L’accès aux ressources spirituelles peut être considéré comme une dynamique individuelle dont l’enjeu relationnel se limiterait à pouvoir accéder aux états de conscience, aux écrits, aux paroles et peut-être parfois aux substances qui permettent de se mettre en connexion avec la vie, la pensée et le Tout.

Tout à l’heure, l’approche marxiste m’a permise d’éclairer ma réflexion sur l’importance du matériel sur les agissements humains et le jeu de dupe social des vertus comme une justification sociale dont l’origine est en fait très souvent purement matérielle.

Si je m’amuse à transposer cette approche marxiste sur le champ des intérêts spirituels alors l’obstacle à la spiritualité humaine serait avant tout le fait que la culture humaine prédominante ne nous apprend pas à nous spiritualiser mais à nous soumettre à des enjeux matériels de dominants. Ainsi, politiquement, l’obstacle se situerait au niveau de l’asymétrie des pouvoirs entre les forces culturelles harmonisantes et les forces culturelles productivistes et « dominisantes ».

Au-delà des considérations sociales, la domination extraspécifique de l’humanité et l’usage intensif des ressources naturelles pour nourrir notre folie consumériste agresse le fonctionnement de la vie terrestre et produit actuellement un effondrement de la biodiversité et un réchauffement climatique.

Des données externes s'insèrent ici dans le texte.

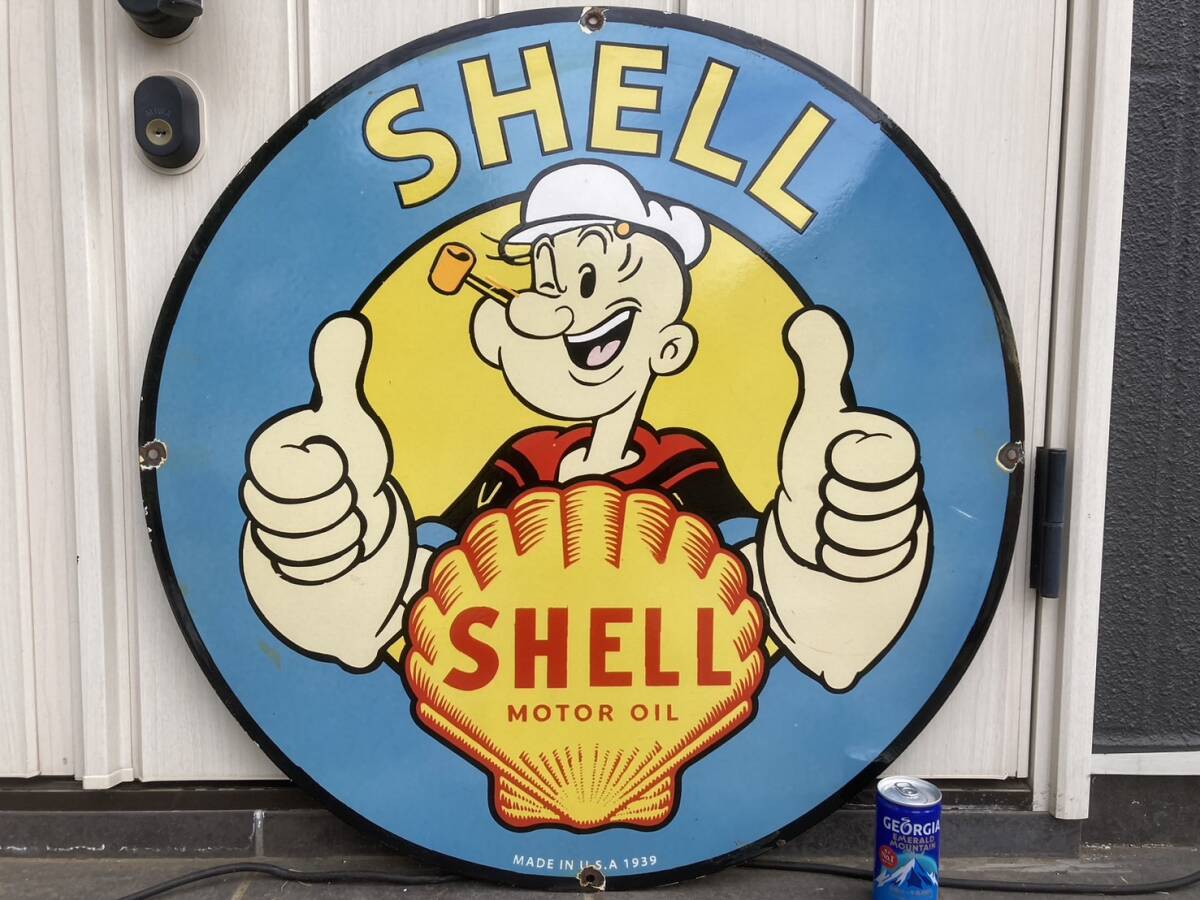 ビンテージ 大型 看板 SHELL ポパイ直径76cm / ホーロー看板 ガレージ 世田谷ベース アメリカ 昭和レトロ_画像1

Si la domination, l’appétence matérialiste et la pollution générée par l’humanité ne sont pas régulées, l’humanité s’effondrera et une bonne partie des espèces encore en vie aussi. Voilà la prémisse du scénario politique dans lequel le rôle de militant nous embarque.

Un « non-maitre » des jeux pourrait enchainer avec :

« Pour arriver à vos fins et sauvez l’humanité, vous vous appuierez sur le fait que la domination exploitatrice est l’ennemi commun de l’écologisme, du socialisme et du spiritualisme. Belle partie à vous »

Qu’est ce qui fait concrètement obstacle au fait de m’amuser à vivre ?

Plus individuellement, ce en quoi je peux m’avancer en l’état de mes réflexions, c’est que mon enjeu existentiel à l’aune de mes 40 ans est de renforcer la force de gravitation de la spiritualité dans ma vie pour apporter un équilibre à mes agissements matériels.

Je veux jouer à vivre et à penser, animalement, politiquement et spirituellement.

L’obstacle psychologique à ça est pour moi l’esprit de gravité. il y a dans l’ambiance existentielle des adultes une force de pesanteur qui brime la légèreté de l’esprit joueur et rieur de notre enfance.

D’où vient la place souvent trop importante que notre esprit consacre à cette gravité ?

J’aurais-envie de dire que la réponse se situe dans la fonction sociale de la responsabilité. Quand on prend des responsabilités on se prend au sérieux et on peut tomber dans des jeux psychologiques pas très cools. Déplions donc ce phénomène social.

La responsabilité est l’obligation faite à une ou plusieurs personnes de répondre de ses actes du fait du rôle, des charges qu’elle doit assumer et d’en supporter les conséquences.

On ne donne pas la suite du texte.